On Tue, 14 Sep 2004 20:31:11 -0700, Mark Williamson node.ue@gmail.com wrote: <snip>
I propose to store all text in Traditional but convert it to Simplified (perhaps with some sort of caching so articles do not have to be re-generated each time) because TC>SC conversion is less ambiguous than SC>TC conversion. If somebody adds text to an article but they are typing in SC, it will be converted to TC when it adds it to the database. In the edit window even though, text will appear as whichever domain you are at. Titles of articles should be converted too. If a mistake is made in conversion when a Simplified text is added to the database, eventually somebody browsing at http://zh-tw.wikipedia.org/ will notice this error and hopefully fix it. In the mean time this error won't cause any problems on zh-cn because it will convert back the same way.
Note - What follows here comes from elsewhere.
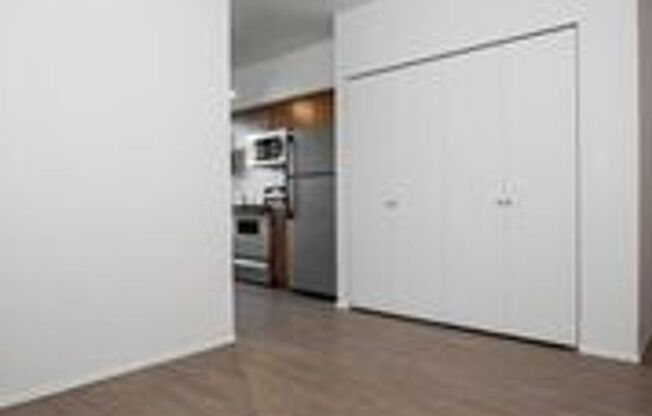 Studio, 1 bath, 329 sqft, $1,463, Unit Unit 102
This is more or less the concept I was mulling over as a very general solution, but I realised that it does have a big disadvantage: naive users 'correcting' the translation may simply shift the error into the opposite version. Or, more specifically, there is no way of distinguishing a translational correction from a factual one. For example:
Say you have a database in English, but with automated conversion to a dialect, we'll call it Blinglish. The English database contains the text "...while eating an apple...", and this is viewed by a Blinglish user. They replace the word 'apple' (in the Blinglish version) with 'orange'. The software now has no way of knowing whether the use is saying that 'orange' is the Blinglish word for 'apple', or whether the Blinglish user is correcting a fact, and the English version should be updated to say 'orange'.
Obviously, the translation corrections *should* be labelled using special markup, but the majority of users find special markup very hard to learn, and huge numbers of users pass through who have no idea how to use such things. In order to encourage them to return and contribute more, we need to not only make the system work *despite* them, but to actively fit them into it.
If, to continue my example, we translate 'orange' back to English, when it is in fact supposed to be an idiomatic translation, another user may come along on the English site and correct it back to 'apple'. The Blinglish version will then be in its original state, and the cycle will continue until a more experienced user spots the ambiguity and marks it up appropriately. A waste of everyone's time, and a definite turn-off for the casual users whose changes keep disappearing.
If we can rely on a majority of the users understanding more than one of the languages involved, we could more-or-less avoid this by providing some obvious mechanism for saying "this change is because of a translation issue", that even technophobes can use. But anyone that only understands one version will not know themselves whether it is a translation issue - only that it is, within the version they are looking at, a mistake...